The kafka_reader is used to read data from a kafka cluster. This is a high throughput operation. This reader handles all the complexity of balancing writes across partitions and managing ever-changing brokers.

This uses @confluentinc/kafka-javascript (librdkafka) underneath the hood.

For this reader to function properly, you will need a running kafka cluster and configure this job with the correct group, topic and partition management options

this is a recoverable reader, meaning that this job can be stopped, and then pick back up where it left off.

Fetched records will already have metadata associated with it. Please reference the metadata section for more information.

Usage

Read from topic, log records that cannot be processed

In this example, the reader will read from the specified topic with that group id. It will try to collect 10k records or wait 8 seconds, whatever happens first and return that as a completed slice. Since _dead_letter_action is set to log, it will log any records that it could not process. If there is an error, it will try to rollback to the correct offset to try again.
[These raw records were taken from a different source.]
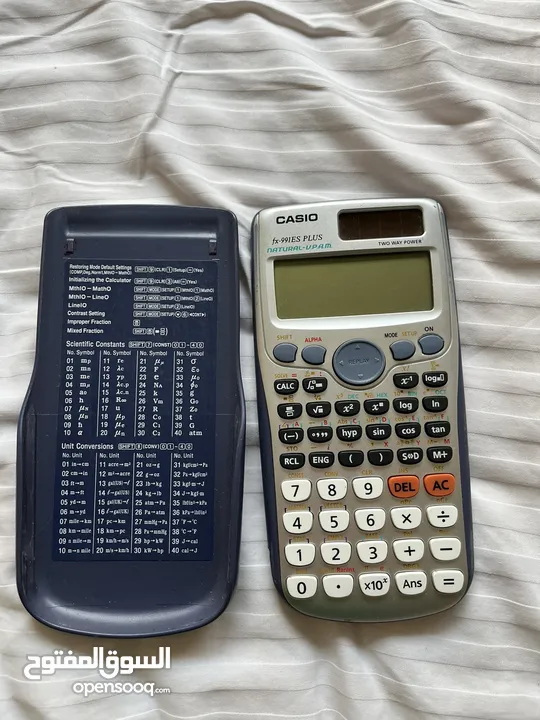 Casio fx-991ES PLUS calculator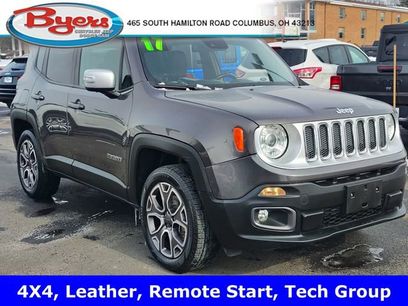 Used 2017 Jeep Renegade Limited w/ Advanced Technology Group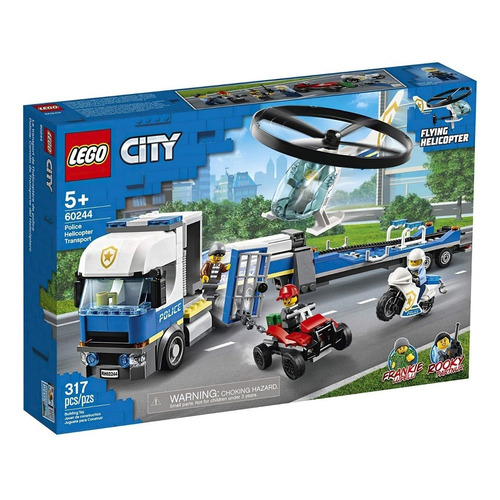 Set de construcción Lego City 60244 317 piezas  en  caja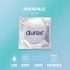 Durex Invisible Slim - Tunna kondomer (10 st)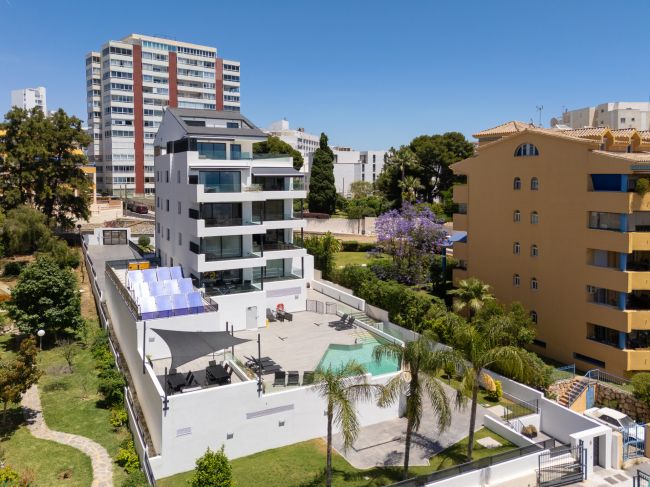 Luksuriøs leilighet med sjøutsikt i Benalmadena Costa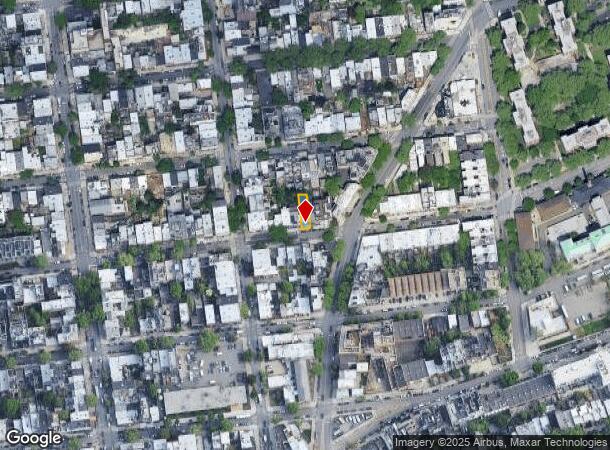  205 Jackson St, Brooklyn, NY Parcel Map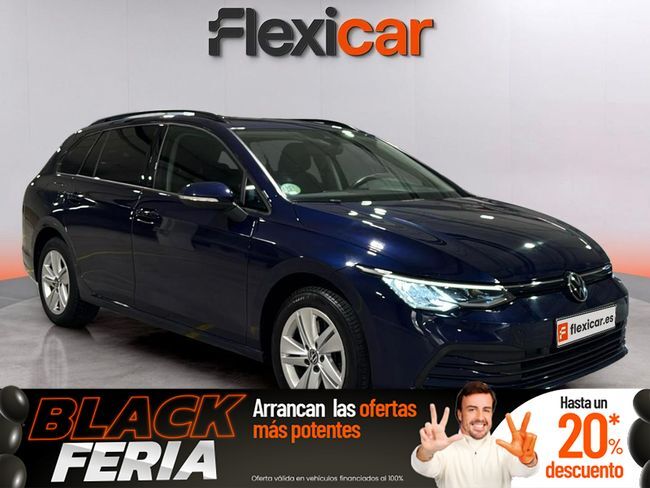 VOLKSWAGEN Golf (Life 2.0 TDI 85kW (115CV) Variant) en Zaragoza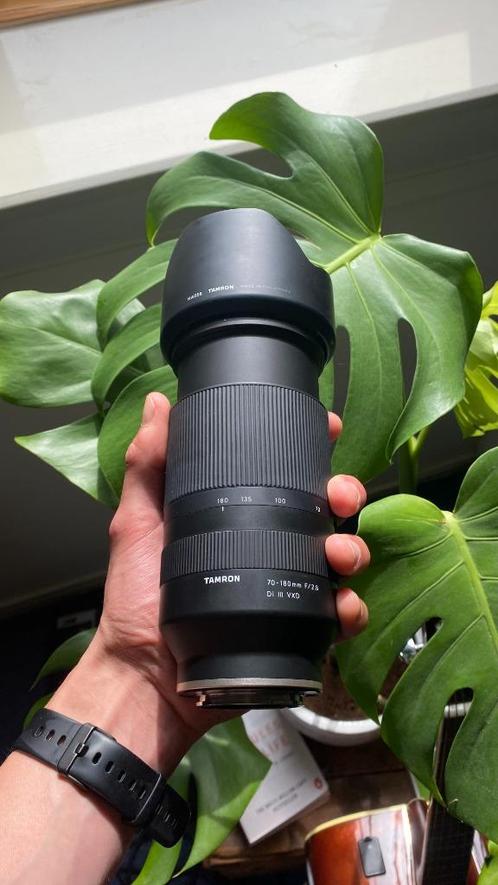 Tamron 70-180mm F2.8 - Garantie tot 2026, Audio, Tv en Foto, Fotografie | Lenzen en Objectieven, Zo goed als nieuw, Telelens, Ophalen of Verzenden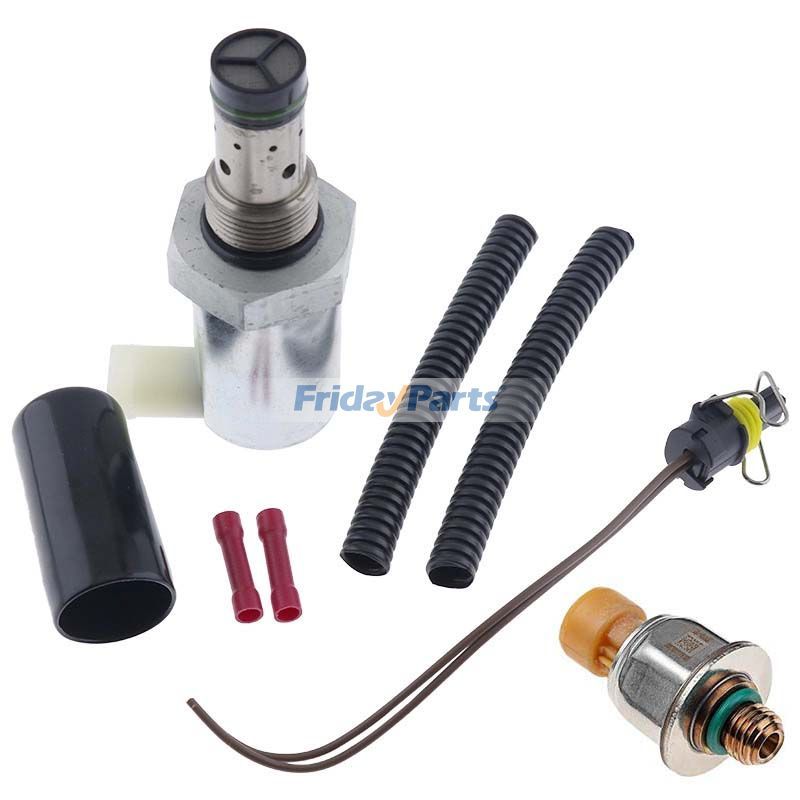 6.0 IPR Valve With ICP Control Sensor & Pigtail for 2003-2010 Ford Truck F250 F350 F450 F550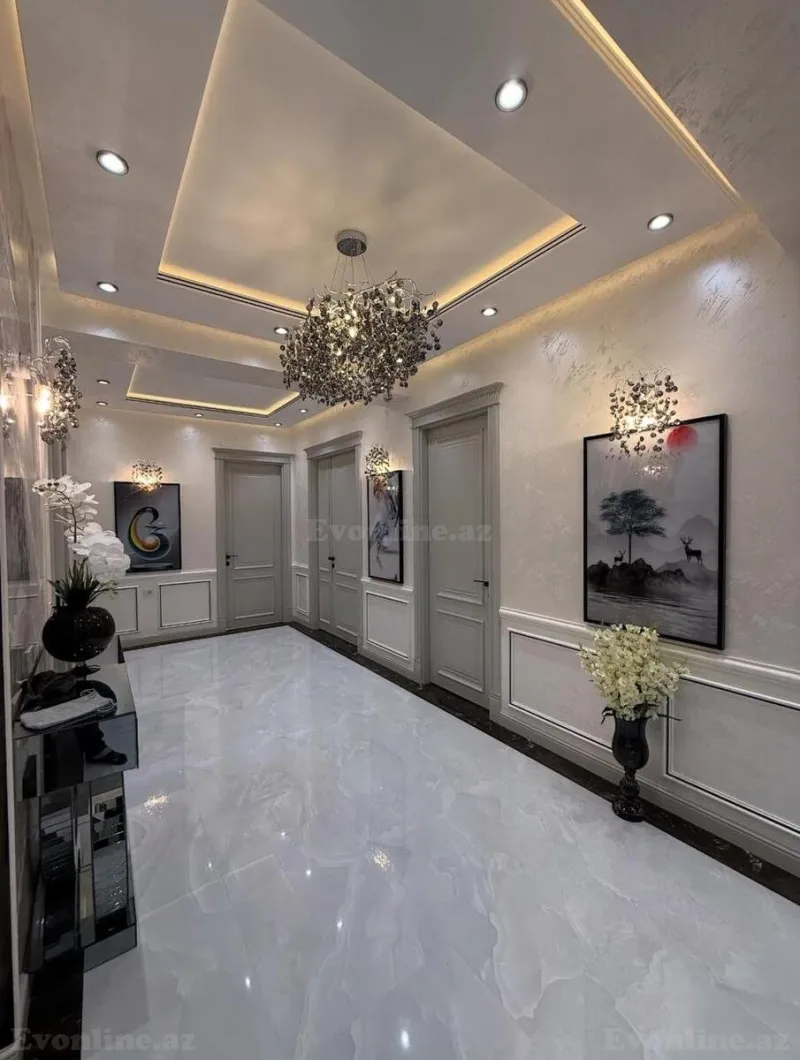 Kirayə verilir 3 otaqlı Mənzil Yeni tikili 145 m² 8 Noyabr m. - şəkil 10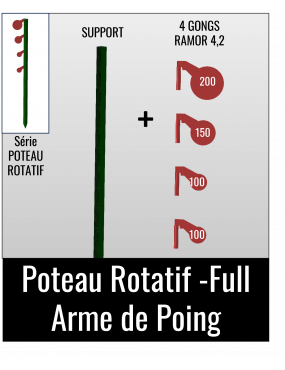 Kit Poteau Rotatif -Full -...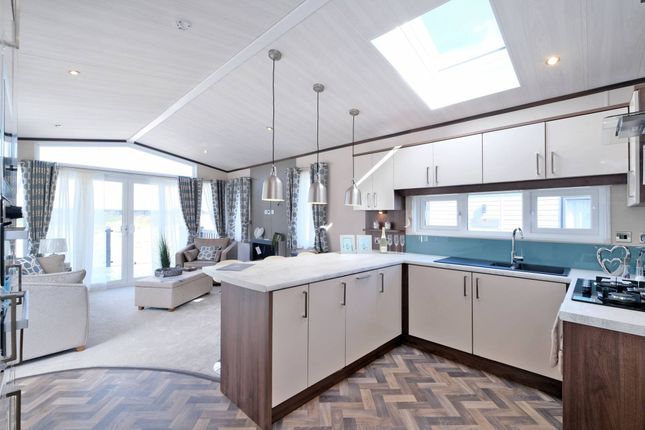 Lodge for sale in Residential Lodge Park, Nr Kintore, Inverurie, Aberdeenshire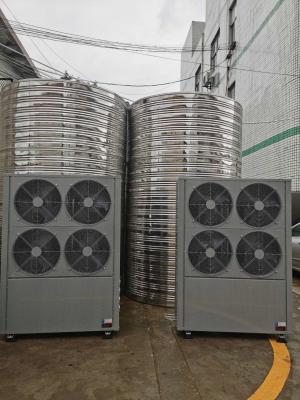 China 11-100KW 220/380 V Hybride Waterverwarmer, het Waterverwarmer 4,0 van de LuchtWarmtepomp Cop Te koop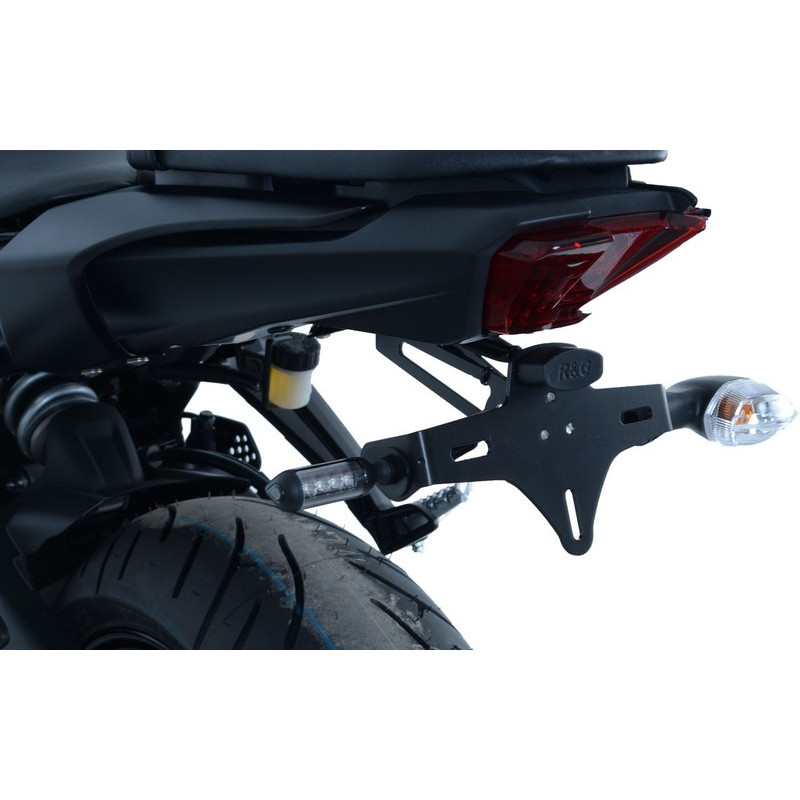 MOCOWANIE TABLICY REJESTRACYJNEJ, YAMAHA MT-07 (FZ-07) (14- MODELS)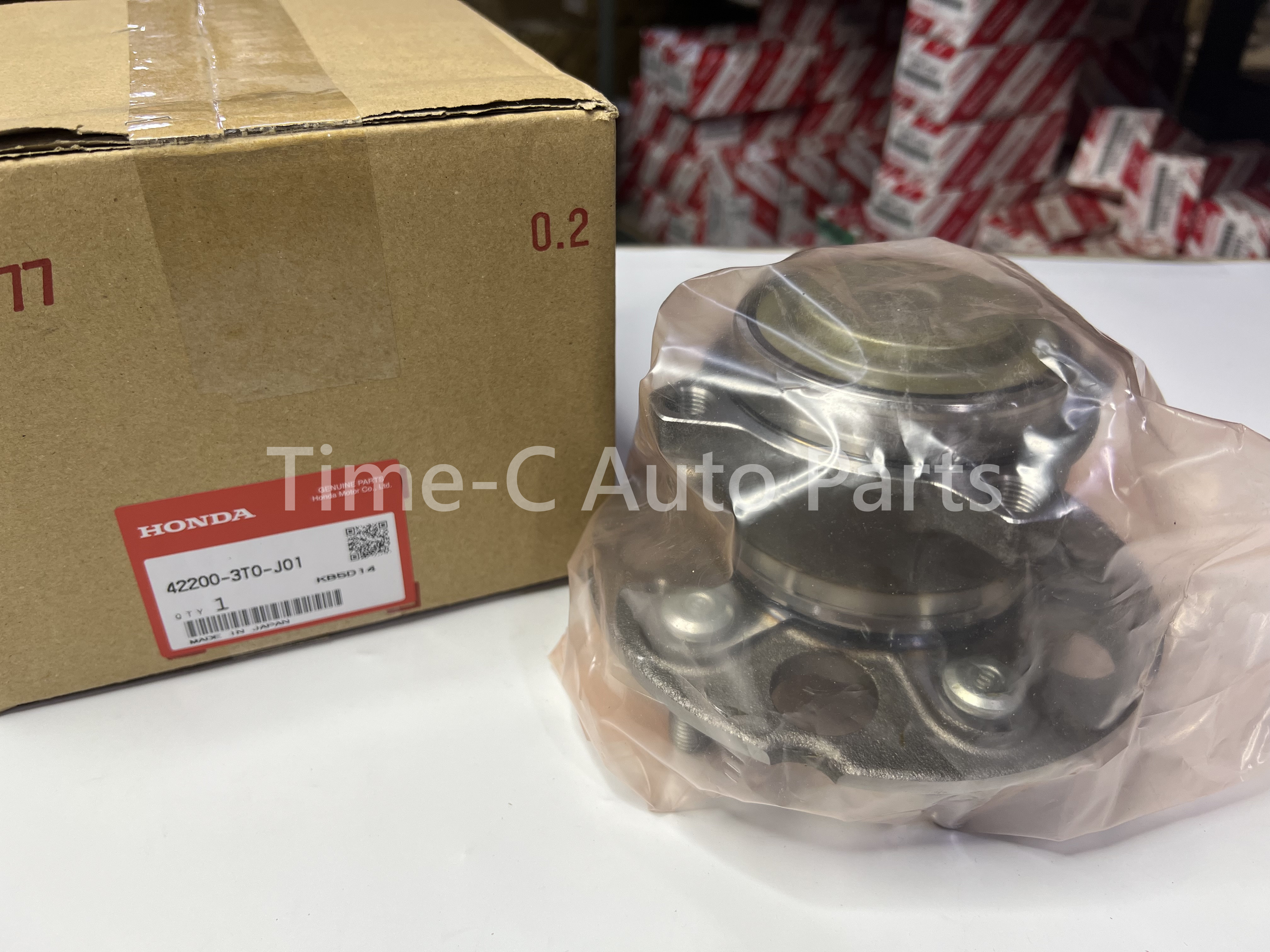 尾轆啤呤 42200-3T0-J01 - Honda Stepwgn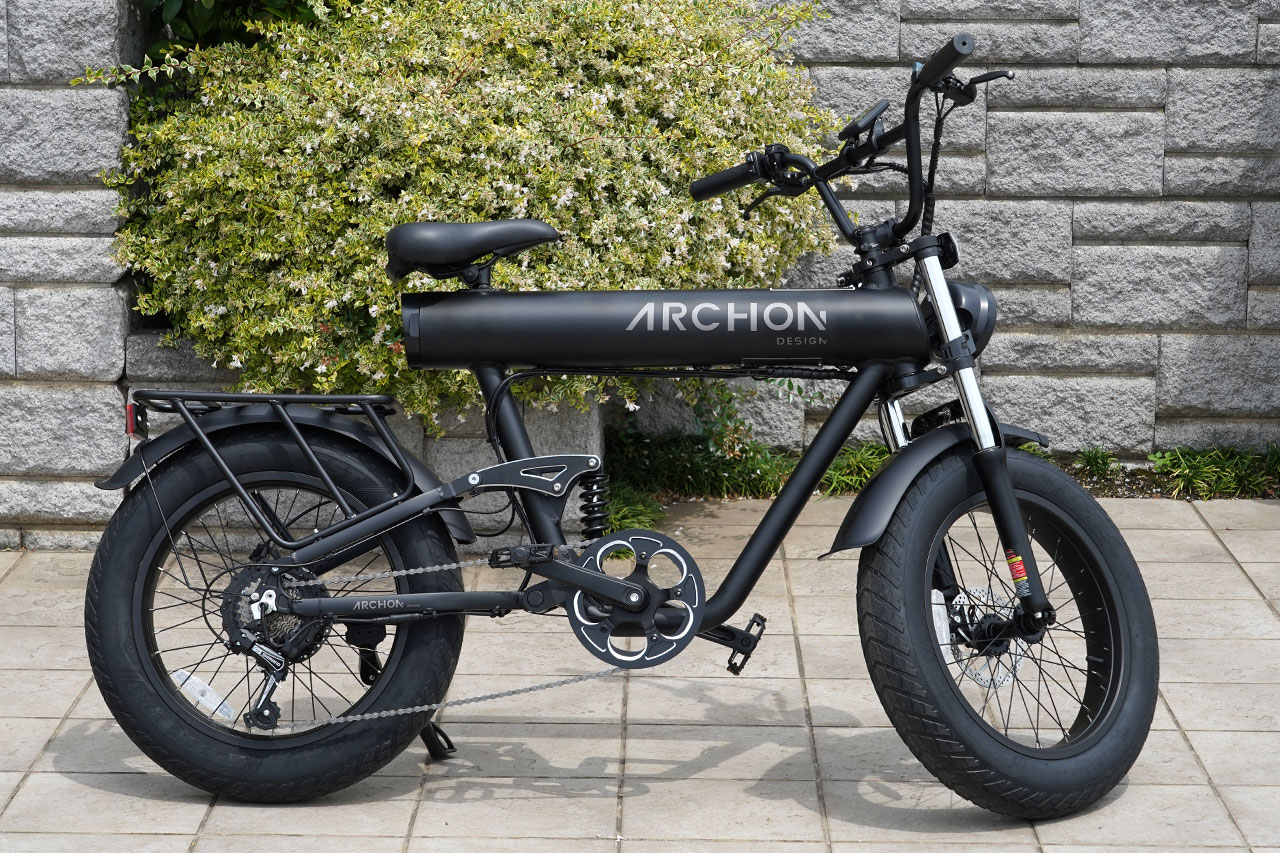 電動アシスト自転車ARCHON (アルコン) | E-Bike販売のトップランク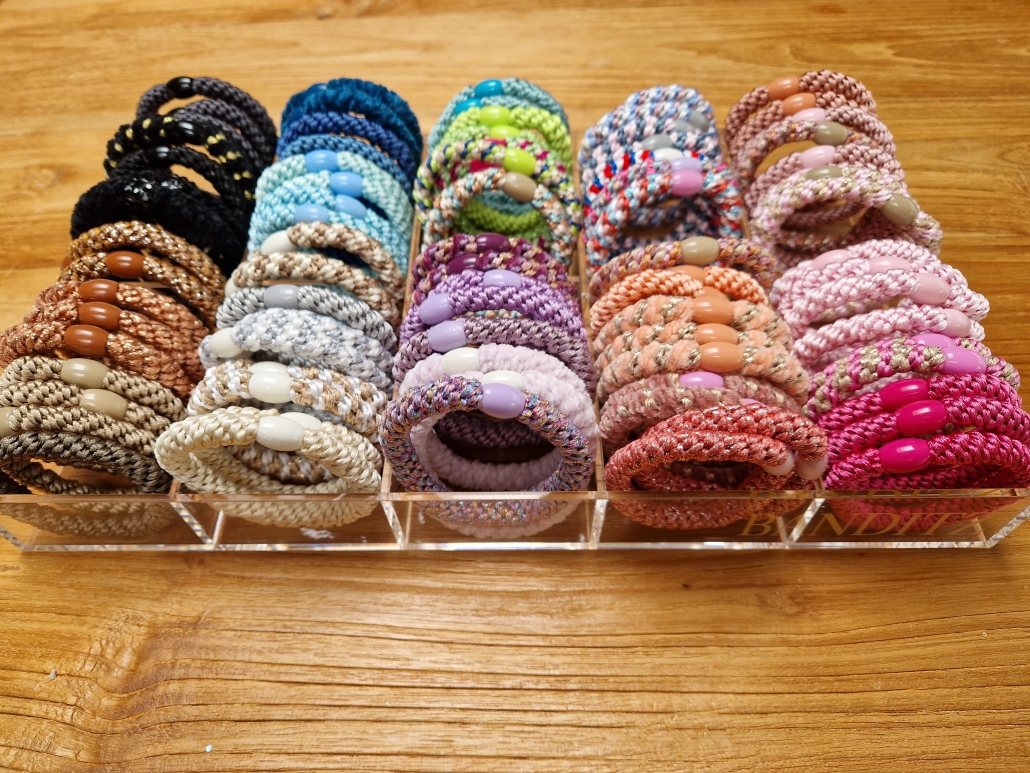 Banditz haarelastiekjes en armbandjes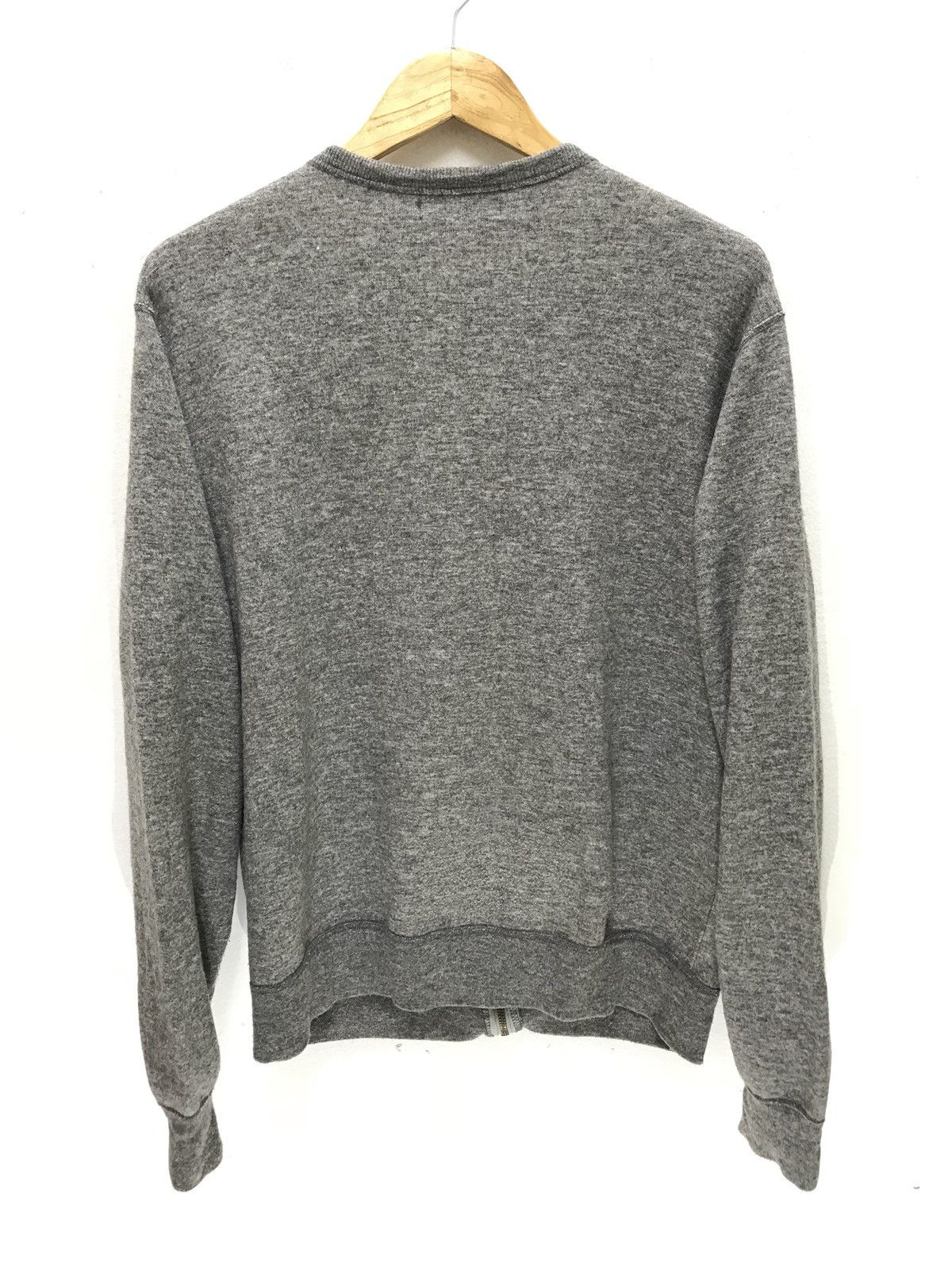 Hysteric Glamour ⚡Hysteric Glamour Sweatshirt Wool Cashmere Blend Size US M / EU 48-50 / 2 - 5 Thumbnail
This job will try to create 40 workers and auto split the partitions between all the workers.

Important: The kafka_reader operation requires a kafka_reader_api to be defined in the job. All configuration settings (topic, group, size, wait, etc.) must be specified on the API.

Example job

{
"name": "test-job",
"lifecycle": "once",
"max_retries": 3,
"slicers": 1,
"workers": 40,
"assets": ["kafka"],
"apis": [
{
"_name": "kafka_reader_api",
"topic": "kafka-test-fetcher",
"group": "58b1bc77-d950-4e89-a3e1-4e93ad3e6cec",
"size": 10000,
"wait": 8000,
"rollback_on_failure": true,
"_dead_letter_action": "log"
}
],
"operations": [
{
"_op": "kafka_reader",
"_api_name": "kafka_reader_api"
},
{
"_op": "noop"
}
]
}

Below is a representation of how the job will execute with the job listed above.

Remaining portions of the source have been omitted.